Overview
The hardware simulation module (hardware_simulation.py) provides tools to model and enforce realistic hardware constraints during training and inference. This enables experimentation with resource-constrained scenarios without requiring specialized hardware.
These simulations are approximations designed for comparative studies and architecture exploration, not precise hardware predictions.
Hardware Simulation Configuration
Constraints are specified through the HardwareSimulationConfig dataclass:
hardware_simulation.py:17-24
@dataclass
class HardwareSimulationConfig :
enabled: bool = False
max_memory_mb: float = 512.0
compute_speed_factor: float = 1.0
precision_mode: str = "float32" # float32 | float16 | int8
batch_size_limit: int = 128
Configuration Parameters
Enable hardware constraint enforcement
Maximum memory budget in megabytes for parameters and activations
Artificial slowdown multiplier (1.0 = no slowdown, 2.0 = 2x slower)
Numeric precision mode: float32, float16, or int8
Hard upper bound on batch size regardless of memory
Memory Estimation
Memory consumption is split into two components: parameter memory and activation memory .
Parameter Memory
Parameter memory is constant and depends only on model architecture and precision:
hardware_simulation.py:42-44
def estimate_parameter_memory_mb ( model : Any, precision_mode : str = "float32" ) -> float :
total_params = sum (_layer_param_count(layer) for layer in getattr (model, "layers" , []))
return (total_params * _dtype_bytes(precision_mode)) / ( 1024 ** 2 )

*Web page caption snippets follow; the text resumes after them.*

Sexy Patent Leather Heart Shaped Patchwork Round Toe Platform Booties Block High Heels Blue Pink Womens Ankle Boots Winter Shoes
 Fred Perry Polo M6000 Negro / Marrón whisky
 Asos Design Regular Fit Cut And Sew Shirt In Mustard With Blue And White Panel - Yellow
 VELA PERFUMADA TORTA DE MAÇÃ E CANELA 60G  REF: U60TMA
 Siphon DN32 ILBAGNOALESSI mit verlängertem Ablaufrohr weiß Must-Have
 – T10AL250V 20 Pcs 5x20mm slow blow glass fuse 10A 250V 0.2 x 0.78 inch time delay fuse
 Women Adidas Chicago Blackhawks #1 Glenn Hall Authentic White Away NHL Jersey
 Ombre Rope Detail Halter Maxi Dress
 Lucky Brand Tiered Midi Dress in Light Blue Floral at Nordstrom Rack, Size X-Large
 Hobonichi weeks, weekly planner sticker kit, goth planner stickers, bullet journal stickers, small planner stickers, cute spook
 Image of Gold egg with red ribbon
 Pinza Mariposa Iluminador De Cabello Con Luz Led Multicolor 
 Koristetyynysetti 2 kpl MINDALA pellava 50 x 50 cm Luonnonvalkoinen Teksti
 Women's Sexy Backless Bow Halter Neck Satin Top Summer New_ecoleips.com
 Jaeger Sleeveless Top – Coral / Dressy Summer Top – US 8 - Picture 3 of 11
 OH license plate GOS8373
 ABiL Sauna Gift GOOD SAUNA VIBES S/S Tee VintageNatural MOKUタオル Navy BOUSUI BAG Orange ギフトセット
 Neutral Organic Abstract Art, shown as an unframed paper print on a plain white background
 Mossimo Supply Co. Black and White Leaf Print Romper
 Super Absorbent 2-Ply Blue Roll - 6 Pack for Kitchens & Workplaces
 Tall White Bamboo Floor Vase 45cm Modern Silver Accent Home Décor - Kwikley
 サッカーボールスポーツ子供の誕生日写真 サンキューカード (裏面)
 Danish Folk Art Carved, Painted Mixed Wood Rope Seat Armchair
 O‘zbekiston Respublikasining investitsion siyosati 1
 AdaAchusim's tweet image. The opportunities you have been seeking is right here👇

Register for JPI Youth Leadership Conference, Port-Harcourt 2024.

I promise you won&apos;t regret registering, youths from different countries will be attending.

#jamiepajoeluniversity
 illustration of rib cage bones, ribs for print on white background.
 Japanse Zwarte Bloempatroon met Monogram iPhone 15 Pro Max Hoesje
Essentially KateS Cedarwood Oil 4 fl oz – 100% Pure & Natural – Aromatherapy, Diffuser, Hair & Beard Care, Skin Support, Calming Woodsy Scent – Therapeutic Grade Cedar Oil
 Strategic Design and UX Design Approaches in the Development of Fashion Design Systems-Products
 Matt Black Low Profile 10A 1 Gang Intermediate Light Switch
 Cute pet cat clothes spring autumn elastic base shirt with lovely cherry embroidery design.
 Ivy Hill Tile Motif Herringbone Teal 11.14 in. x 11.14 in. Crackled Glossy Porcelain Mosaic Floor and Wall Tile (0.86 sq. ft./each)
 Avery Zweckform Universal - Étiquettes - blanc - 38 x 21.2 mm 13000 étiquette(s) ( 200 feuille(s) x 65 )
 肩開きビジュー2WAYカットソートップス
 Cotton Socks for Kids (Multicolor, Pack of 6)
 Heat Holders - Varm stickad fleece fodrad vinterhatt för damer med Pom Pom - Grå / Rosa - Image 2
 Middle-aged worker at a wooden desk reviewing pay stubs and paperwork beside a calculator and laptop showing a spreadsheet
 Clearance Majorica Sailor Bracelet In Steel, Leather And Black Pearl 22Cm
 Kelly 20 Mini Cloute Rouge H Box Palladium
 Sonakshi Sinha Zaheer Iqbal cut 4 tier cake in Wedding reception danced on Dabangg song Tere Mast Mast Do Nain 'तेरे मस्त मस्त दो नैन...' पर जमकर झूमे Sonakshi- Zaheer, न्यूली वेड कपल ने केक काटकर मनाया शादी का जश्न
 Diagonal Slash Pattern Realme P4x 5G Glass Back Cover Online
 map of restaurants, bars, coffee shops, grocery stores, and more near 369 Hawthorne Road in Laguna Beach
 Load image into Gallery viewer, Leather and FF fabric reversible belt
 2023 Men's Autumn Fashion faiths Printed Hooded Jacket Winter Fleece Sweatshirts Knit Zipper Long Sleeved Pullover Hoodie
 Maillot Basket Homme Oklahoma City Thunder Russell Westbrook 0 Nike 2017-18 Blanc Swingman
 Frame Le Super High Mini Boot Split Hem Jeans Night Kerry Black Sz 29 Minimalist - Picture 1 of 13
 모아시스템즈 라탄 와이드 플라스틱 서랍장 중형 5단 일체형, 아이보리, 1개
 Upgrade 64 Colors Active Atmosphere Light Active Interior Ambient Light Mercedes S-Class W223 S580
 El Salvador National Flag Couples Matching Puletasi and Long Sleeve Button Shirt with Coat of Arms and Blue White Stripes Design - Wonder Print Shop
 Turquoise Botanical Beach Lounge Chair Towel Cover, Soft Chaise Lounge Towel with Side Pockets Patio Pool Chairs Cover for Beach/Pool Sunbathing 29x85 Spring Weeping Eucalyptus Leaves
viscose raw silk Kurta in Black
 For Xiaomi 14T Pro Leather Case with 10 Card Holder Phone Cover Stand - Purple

Bytes per parameter by precision:
float32 4 bytes per parameter
float16 2 bytes per parameter
Activation Memory
Activation memory scales linearly with batch size:
hardware_simulation.py:47-58
def estimate_activation_memory_mb ( model : Any, batch_size : int , precision_mode : str = "float32" ) -> float :
if not hasattr (model, "layer_sizes" ):
return 0.0
dtype_bytes = _dtype_bytes(precision_mode)
activation_elements = 0
# input + each layer output
for width in model.layer_sizes:
activation_elements += int (batch_size) * int (width)
return (activation_elements * dtype_bytes) / ( 1024 ** 2 )
This estimate includes the input and each layer’s output but excludes intermediate gradient storage, making it a conservative lower bound.
Total Memory Calculation
hardware_simulation.py:61-64
def estimate_total_memory_mb ( model : Any, batch_size : int , precision_mode : str = "float32" ) -> float :
return estimate_parameter_memory_mb(model, precision_mode) + estimate_activation_memory_mb(
model, batch_size, precision_mode
)
Memory Example: 784-64-10 Network
Let’s calculate memory for the default Fashion-MNIST architecture:
Parameters:
Layer 1: (784 × 64) + 64 = 50,240
Layer 2: (64 × 10) + 10 = 650
Total: 50,890 parameters
Activations (batch_size=32):
Input: 32 × 784 = 25,088
Hidden: 32 × 64 = 2,048
Output: 32 × 10 = 320
Total: 27,456 elements
Memory in float32:
Parameters: 50,890 × 4 = 203,560 bytes ≈ 0.194 MB
Activations: 27,456 × 4 = 109,824 bytes ≈ 0.105 MB
Total: ~0.3 MB
Memory in float16:
Parameters: 50,890 × 2 ≈ 0.097 MB
Activations: 27,456 × 2 ≈ 0.052 MB
Total: ~0.15 MB (50% reduction)
Memory in int8:
Parameters: 50,890 × 1 ≈ 0.048 MB
Activations: 27,456 × 1 ≈ 0.026 MB
Total: ~0.075 MB (75% reduction)
These small values allow experimentation on severely constrained devices or testing memory pressure with larger architectures.
Adaptive Batch Size
When memory constraints are active, the system automatically reduces batch size using binary search:
hardware_simulation.py:67-92
def adjust_batch_size_to_memory (
model : Any,
requested_batch_size : int ,
max_memory_mb : float ,
precision_mode : str = "float32" ,
batch_size_limit : int = 128 ,
) -> int :
capped_batch = max ( 1 , min ( int (requested_batch_size), int (batch_size_limit)))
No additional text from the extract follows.